В том же случае (а этих случаев было большинство), когда картина изготавливалась «на днях», искусственно старилась и снабжалась подписью «солидного» автора третьего круга, цена ее равнялась стоимости материалов, а также рамки. Стоя перед очередным таким «шедевром», изображавшим девочку в голландском костюме, вяжущую у окна чулок, Александра невольно усмехнулась. Она вспомнила себя лет пятнадцать назад, когда ее карьера в качестве оценщика и закупщика антиквариата только набирала обороты. «Тогда, если меня просили оценить вот такой новодел, от которого за версту веяло свежим лаком, я произносила какие-то яростные речи, доказывала, обличала, возмущалась… А потом поняла, что ничего этого делать не нужно. Посредственная живопись девятнадцатого века или вчерашнего дня – да какая разница? То и другое – ерунда, не стоящая того, чтобы ради нее портить нервы. А если владельцу хочется, чтобы его сокровище оценили повыше – да пожалуйста, кому от этого вред… Разве что мне, моей репутации. Поэтому я все-таки говорю горькую правду, даже в ущерб заработку. Но говорю ее спокойно, никого не хватая за грудки…»

– Оп!

Кто-то, внезапно подскочив сзади, закрыл ей глаза ладонью, отчего Александра вскрикнула. Ее испуганный голос пронзил теплую тишину пассажа, где в этот час почти никого не было. Обернувшись, художница увидела Варвару, встречу с которой так старательно оттягивала, блуждая по переходам.
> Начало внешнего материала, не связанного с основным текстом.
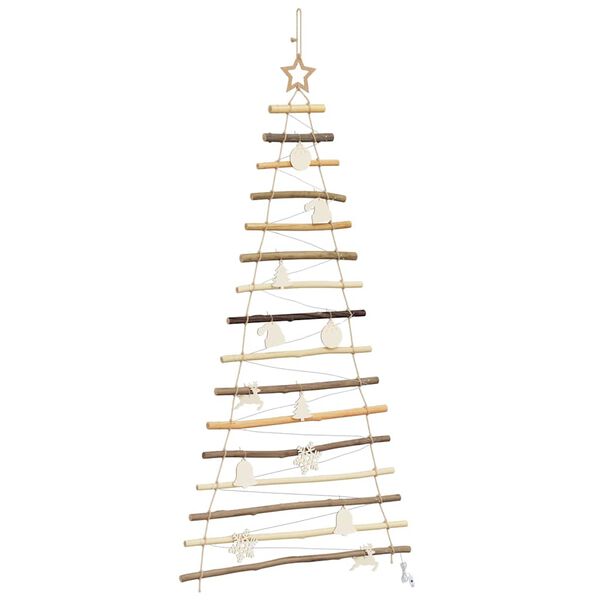 vidaXL Christmas Tree with 80 LEDs Natural 59.1" Solid Ash wood
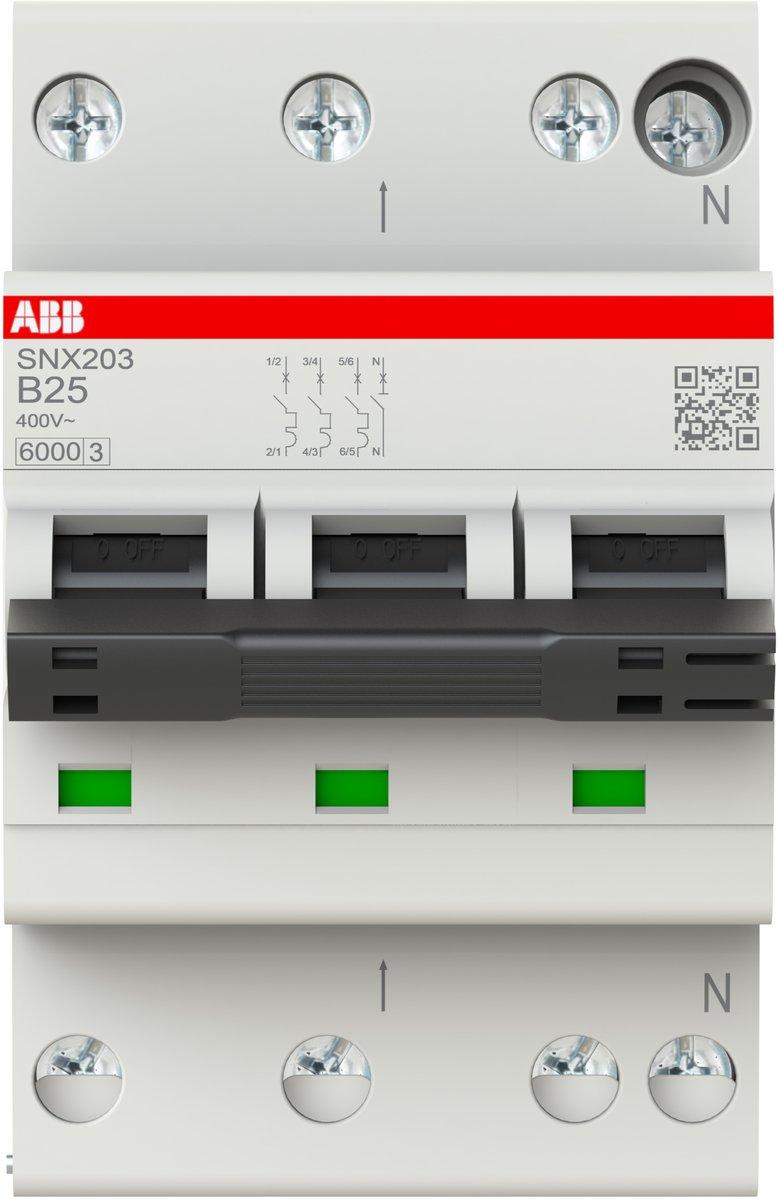LS-Schutzschalter 3+N-polig 6kA B-Char 25A 3TE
– Ты?! – воскликнула ее давняя знакомая, прижимая Александру к себе, затем вновь отстраняя и целуя в обе щеки. – Почему не предупредила? Я ведь могла сегодня не прийти, видишь, торговли нет, никого нет!
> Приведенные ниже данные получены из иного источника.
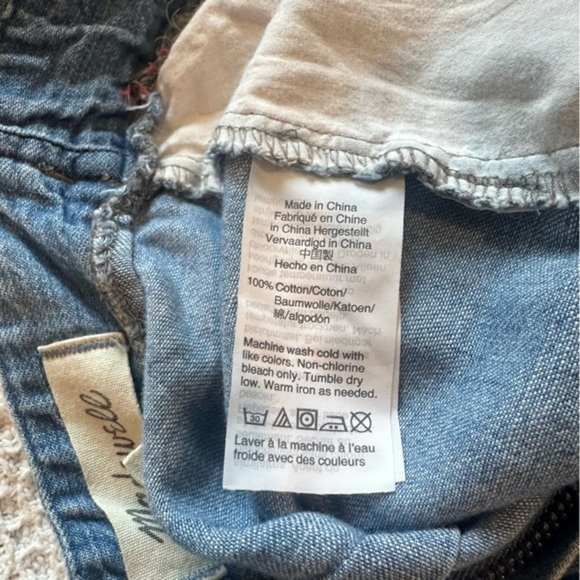 Madewell Denim Apron Bow-Back Jumpsuit size 00 - Picture 10 of 11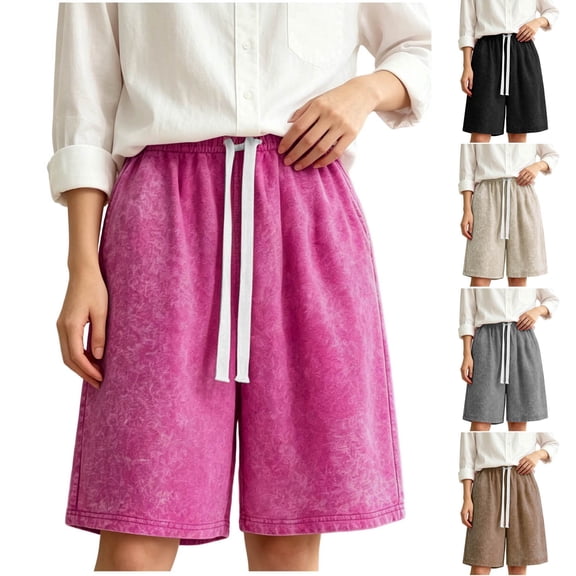 Kinrui Womens Washed Vintage Athletic Shorts Elastic Waist Drawstring Long Sleeeve Sweat Shorts S-3XL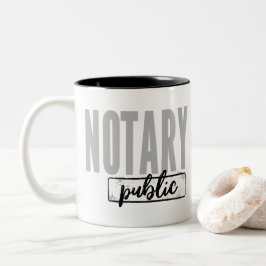 Svart notarius publicus Big Font-teckensnitt Två-Tonad Mugg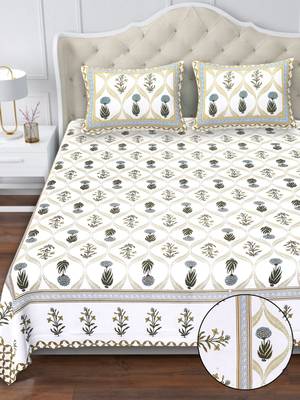 White & olive green floral block print pure cotton king size bedsheet with 2 pillow covers (100×108 inches) 2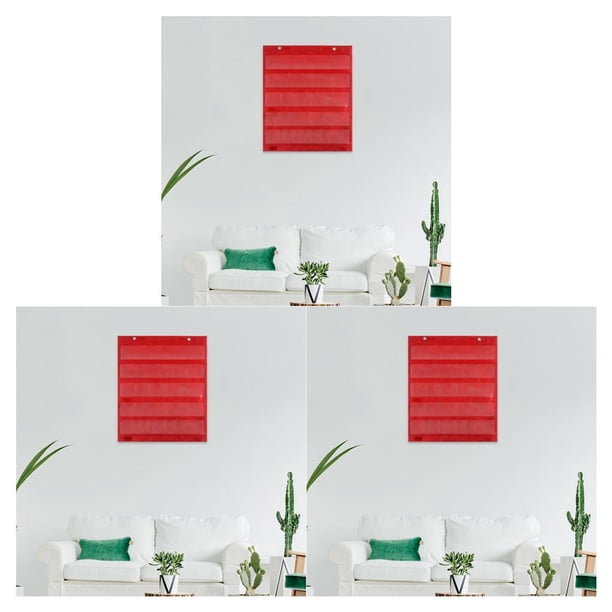 Bewildely Gráfico de bolsillo Gráfico de bolsillo de calendario colgante de doble cara Rojo Type1
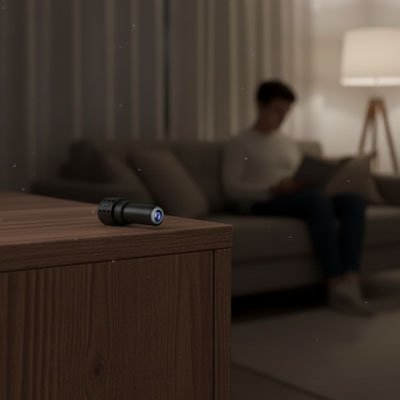 caméra de chasse sur un coin de commode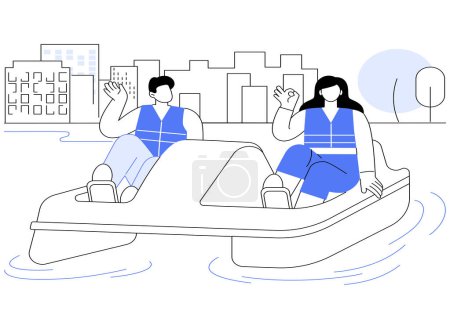 Illustration for Paddle boat rental isolated cartoon vector illustrations. Group of friends rent a paddle boat, riding a catamaran together, summer holidays, urban lifestyle, recreation day vector cartoon. - Royalty Free Image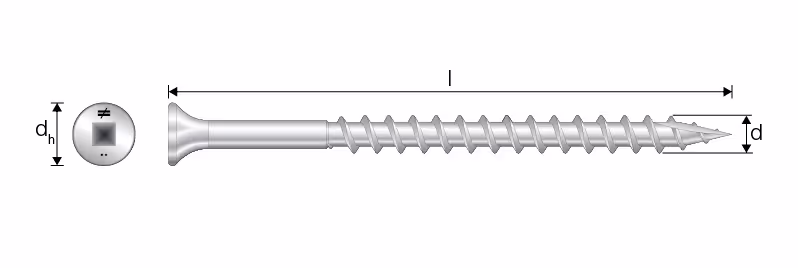 SS3DSC Vis pour terrasse bois résineux - Inox A2 3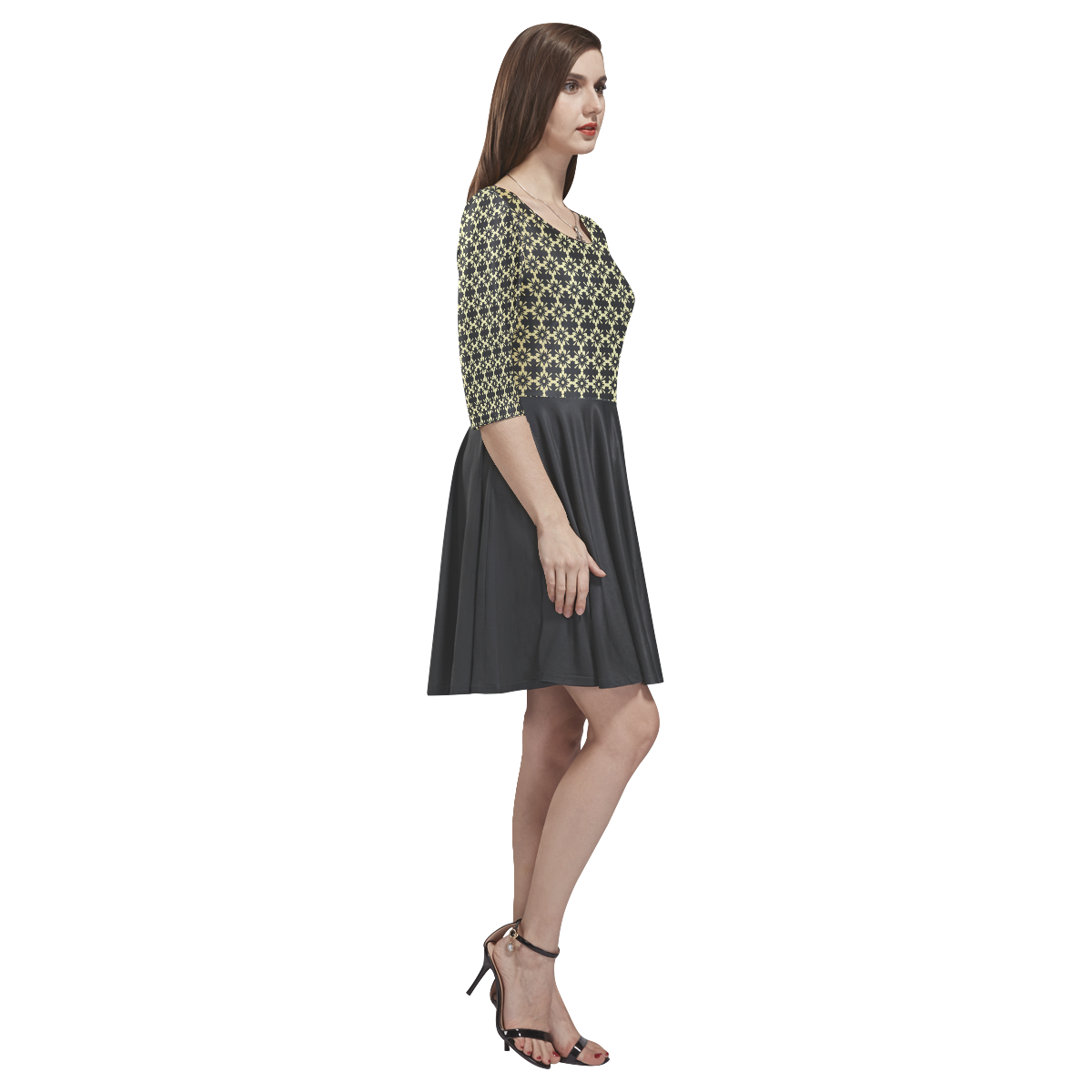 000-5 Tethys Half-Sleeve Skater Dress(Model D20)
– Я случайно, проездом, – оправдывалась художница, избегая встречаться взглядом с Варварой, боясь, что та прочтет в ее глазах, как мало Александра рада этой встрече. – Даже не думала сперва сюда заходить, но потом захотела увидеть тебя…

– Знаю, знаю я, как ты решила увидеть меня, – отрезала Варвара, не дав ей договорить. – Собиралась мимо проскочить!

– Но я действительно…

– Ладно, не оправдывайся! – вновь оборвала ее та. – Идем ко мне, выпьем кофе, да, пожалуй, я и закроюсь. Сегодня пустой день. Зачем пожаловала, если не секрет? Не понимаю, зачем ты пришла в среду, сегодня же совсем нет торговли. Ты видишь – пусто! Я уже хотела закрываться, потому что никого нет. Могла вообще сегодня не прийти!

Она говорила очень быстро и очень громко, слегка брызгая слюной и надвигаясь на собеседницу, так что Александра испытывала сильное желание отступить на пару шагов назад и прикрыть ладонями уши. Священная, тонко и остро пахнущая пылью тишина часовни была нарушена. Очарование улетучилось – теперь это был не зачарованный мир Зазеркалья, а просто торговый пассаж в центре Амстердама, самым прозаическим образом приспособленный для торговли старым хламом по высоким ценам.

– Что ты морщишься? – внезапно оборвала саму себя Варвара. – Что-то болит?

– Я не морщусь, – страдальчески ответила художница. – Или случайно, тебе показалось. Я хотела тебя спросить о…

– Да морщишься, морщишься, неужели я не вижу! – Схватив жертву под руку и тесно прижав к своему боку локоть Александры, Варвара повлекла ее к своему магазинчику, на ходу повествуя о возмутительной истории, случившейся тут же, на рынке.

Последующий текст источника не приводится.